拳王軍に入り、魔狼となった後、ある村にてジュウザと再会。拳王に逆らう者としてジュウザに戦いをけしかけ、一旦は追い詰めるものの、その戦いの中で子供の命を救い、本当はその心の中で血の涙を流し続けている事を見抜かれた。
『真救世主伝説 ユリア伝』では、幼き頃、
ダーマに連れられて飛行場に訪れたが、飛行機の墜落を予知したユリアが搭乗を拒んだため、自らも九死に一生を得た。
『北斗の拳外伝 金翼のガルダ』では、
ガルダが
南斗最後の将の居城の場所をつきとめたことを危惧し、拳王に進言した。
彼の印象として最初に浮かぶのは、やはり「謎の虐殺行為」であろう。彼は、村一つを全滅させた。女子供関係なくだ。その理由がイマイチわからない。「ケンシロウが時代に必要な巨木かどうか見定めるため」だということらしい。意味不明である。リュウガがケンの実力を見抜いたからなんだいうのだ。その後生きてケンと共に平安な世を作るためなのだとしたら、100歩譲ってわかる。しかし彼は今こそ確信した!というその3分後くらいに昇天している。死にゆく人間が何を確信しようが、それがなんだというのだ。自分が満足して死ねるためにあの村ひとつは犠牲になったというのか。陰腹したからって許される事じゃないだろう。一体その真意はどこにあるのか。
その前に、彼の強さについて考えてみよう。あの拳王様の片腕を任される、立場上では拳王軍No2にあたるリュウガではあるが、正直冷静に見てみると、本当に強いのかどうかは甚だ怪しい。ケンシロウはリュウガ初登場時の泰山天狼拳の解説でこう言っている。「その拳はあまりにも速く流血の間もなく凍気さえ感じさせるという」。だが、ケンはその泰山天狼拳の奥義である天狼凍牙拳を、なんと足でガードしてしまっている。説明するまでもないが、手の攻撃を上段蹴りでガードするなどというのは異常な事だ。要するに速いと言っても一般レベルでの速さなわけで、ケンシロウクラスにしてみればハエがとまらんばかりのスピードであるのかもしれない。威力にしたって、ほぼ完璧にあたったはずの拳は、指先がちょこっと肩に食い込んだだけであった。あれがレイやシンの拳だったなら、もっと深い傷を負っていた事は間違いないだろう。天の覇王ではそれを補うかのような強さを見せたが、最後はよくわからない不意打ちで瀕死の重傷を負い、出番は終了した。汚名返上とは言い難い。

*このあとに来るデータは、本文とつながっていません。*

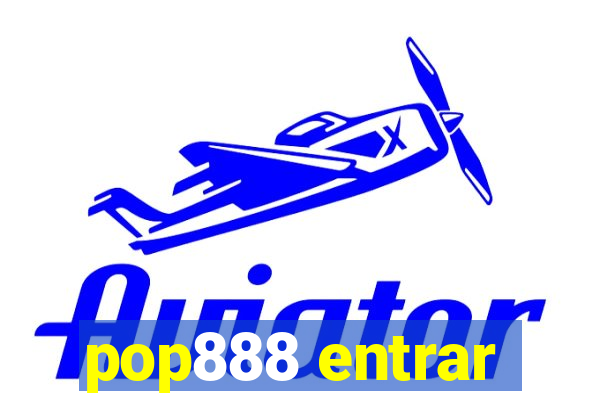 pop888 entrar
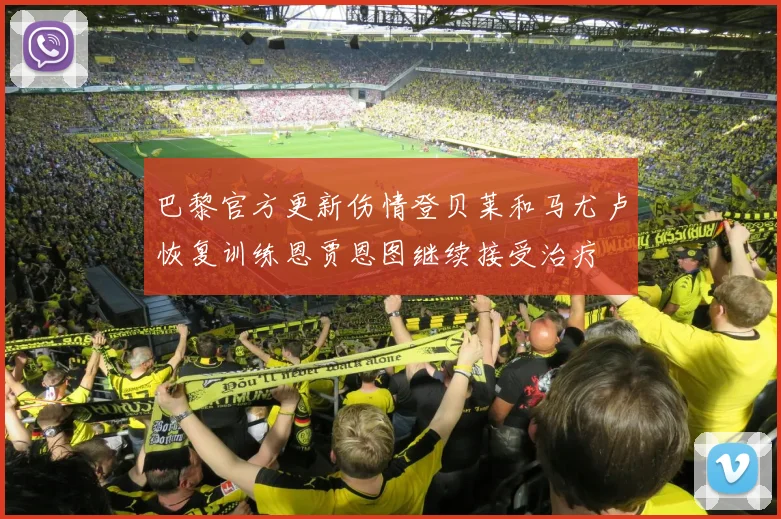 巴黎官方更新伤情登贝莱和马尤卢恢复训练恩贾恩图继续接受治疗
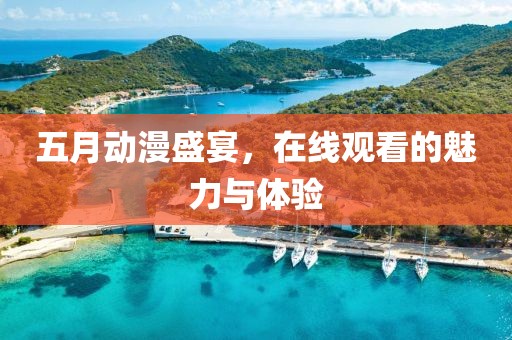 五月动漫盛宴，在线观看的魅力与体验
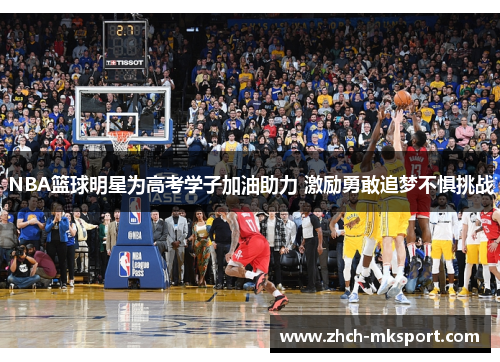 NBA篮球明星为高考学子加油助力 激励勇敢追梦不惧挑战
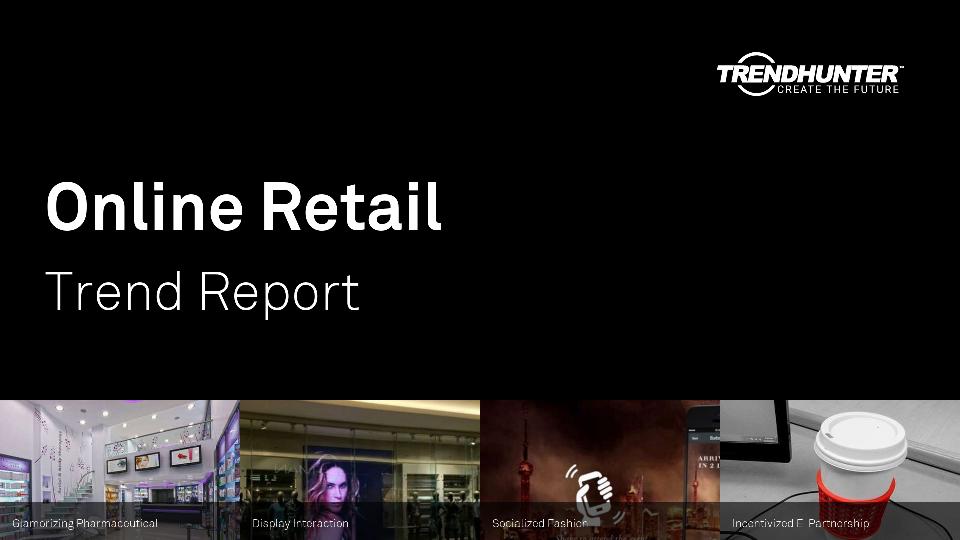 Online Retail Trend Report Research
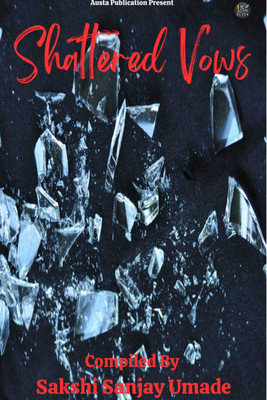 Shattered Vows(Paperback, Sakshi Sanjay Umade)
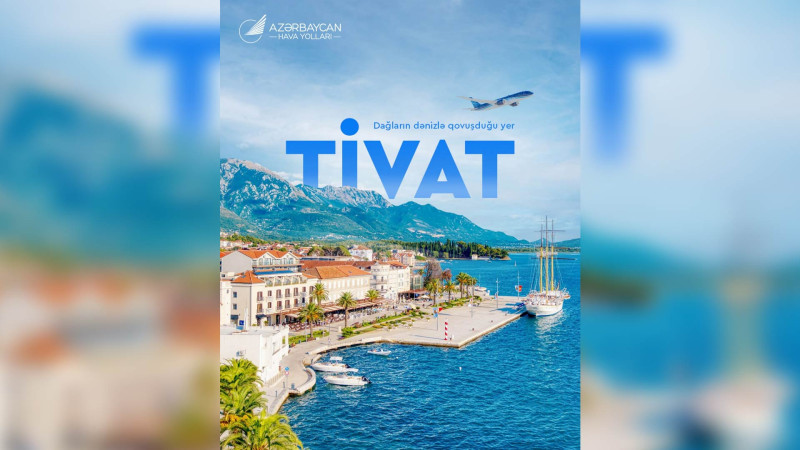 Bakıdan Monteneqronun Tivat şəhərinə aviabiletlər satışa çıxarılıb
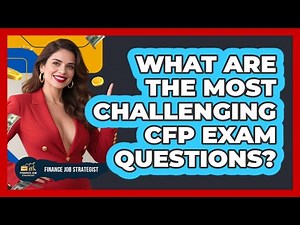 What Are The Most Challenging CFP Exam Questions? - Finance Job Strategist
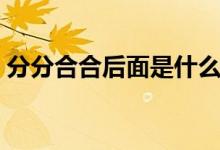 分分合合后面是什么（分分合合是什么意思）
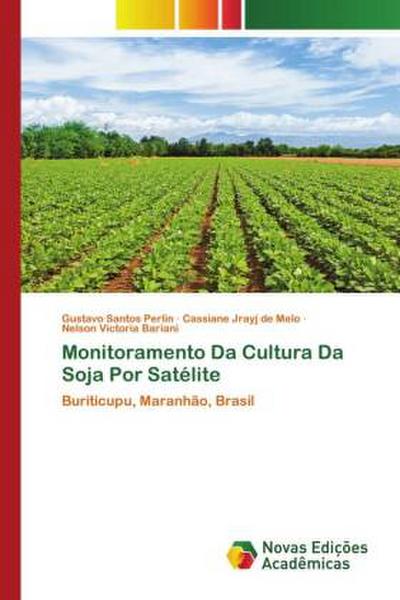 Monitoramento Da Cultura Da Soja Por Satélite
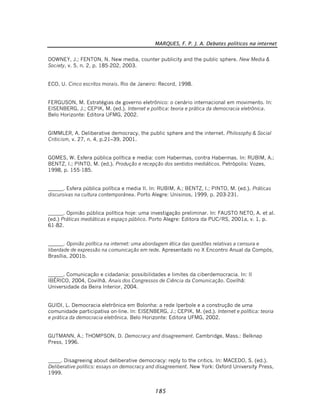 MARQUES, F. P. J. A. Debates políticos na internet
185
DOWNEY, J.; FENTON, N. New media, counter publicity and the public sphere. New Media &
Society, v. 5, n. 2, p. 185-202, 2003.
ECO, U. Cinco escritos morais. Rio de Janeiro: Record, 1998.
FERGUSON, M. Estratégias de governo eletrônico: o cenário internacional em movimento. In:
EISENBERG, J.; CEPIK, M. (ed.). Internet e política: teoria e prática da democracia eletrônica.
Belo Horizonte: Editora UFMG, 2002.
GIMMLER, A. Deliberative democracy, the public sphere and the internet. Philosophy & Social
Criticism, v. 27, n. 4, p.21–39, 2001.
GOMES, W. Esfera pública política e media: com Habermas, contra Habermas. In: RUBIM, A.;
BENTZ, I.; PINTO, M. (ed.). Produção e recepção dos sentidos mediáticos. Petrópolis: Vozes,
1998, p. 155-185.
______. Esfera pública política e media II. In: RUBIM, A.; BENTZ, I.; PINTO, M. (ed.). Práticas
discursivas na cultura contemporânea. Porto Alegre: Unisinos, 1999, p. 203-231.
______. Opinião pública política hoje: uma investigação preliminar. In: FAUSTO NETO, A. et al.
(ed.) Práticas mediáticas e espaço público. Porto Alegre: Editora da PUC/RS, 2001a, v. 1, p.
61-82.
______. Opinião política na internet: uma abordagem ética das questões relativas a censura e
liberdade de expressão na comunicação em rede. Apresentado no X Encontro Anual da Compós,
Brasília, 2001b.
______. Comunicação e cidadania: possibilidades e limites da ciberdemocracia. In: II
IBÉRICO, 2004, Covilhã. Anais dos Congressos de Ciência da Comunicação. Covilhã:
Universidade da Beira Interior, 2004.
GUIDI, L. Democracia eletrônica em Bolonha: a rede Iperbole e a construção de uma
comunidade participativa on-line. In: EISENBERG, J.; CEPIK, M. (ed.). Internet e política: teoria
e prática da democracia eletrônica. Belo Horizonte: Editora UFMG, 2002.
GUTMANN, A.; THOMPSON, D. Democracy and disagreement. Cambridge, Mass.: Belknap
Press, 1996.
_____. Disagreeing about deliberative democracy: reply to the critics. In: MACEDO, S. (ed.).
Deliberative politics: essays on democracy and disagreement. New York: Oxford University Press,
1999.
 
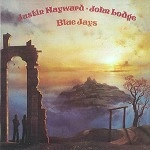 JUSTIN HAYWARD/JOHN LODGE / ジャスティン・ヘイワード&ジョン・ロッジ / BLUE JAYS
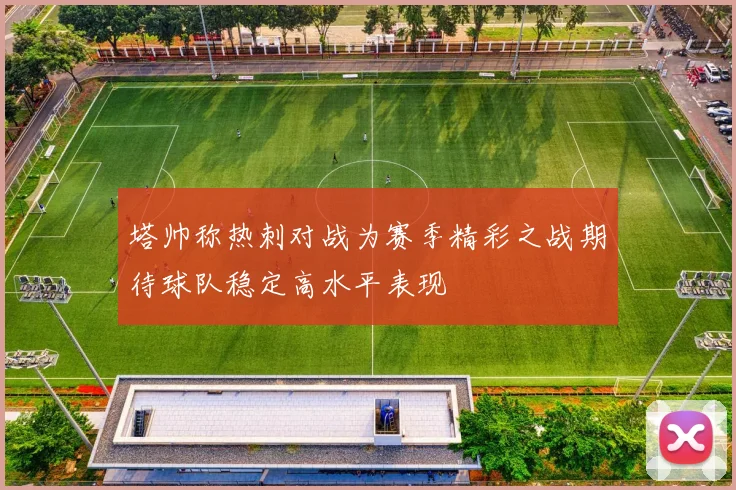 塔帅称热刺对战为赛季精彩之战期待球队稳定高水平表现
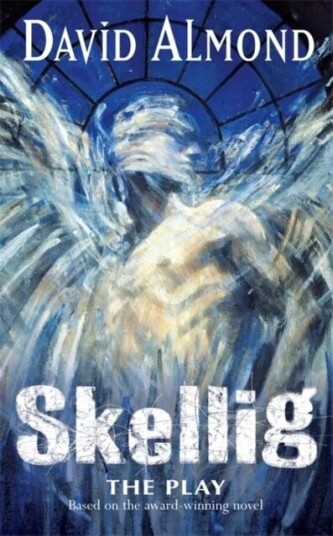 Skellig The Play av David Almond Skellig The Play av David Almond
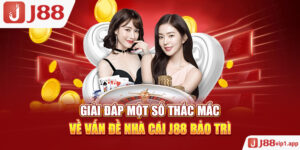 Giải Đáp Một Số Thắc Mắc Về Vấn Đề Nhà Cái J88 Bảo Trì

ぶっちゃけ、拳王様もリュウガの強というよりは、自らの覇道を信じてついてきてくれるその忠誠心と行動力を買っていたのではなかろうか。しかし、彼自身も自分の実力は弁えていただろう。だからこそ覇権を目指さず、巨木であるラオウの下につこうと考えたのだ。
孤独の星という宿命に逆らってでも拳王様に尽くし、時代のための捨て鉢となったリュウガ。誰よりも時代の事を考えていたのは彼だろう。しかし残念ながら彼にはその「時代」を救う力がなかった。覇王となるべき実力がなかったのだ。更に孤独な一匹狼であるが故、味方も居ない。そんな彼に出来るのは、強い主の下で粉骨砕身働く事しかなかったのだ。
そのためには、主の選別は何よりも慎重にならねばならない。まさに彼の人生は、巨木を見極める事のみに全てを注いだといっても過言ではない。一旦はその巨木だと確信し、忠義を尽くした拳王。だがケンシロウに出会い、その決意は揺らいだ。もしケンシロウこそが時代を救える巨木であったなら…。考えた末、リュウガは決断した。村人達、そしてトキを殺す事でケンの本気を引き出そうと。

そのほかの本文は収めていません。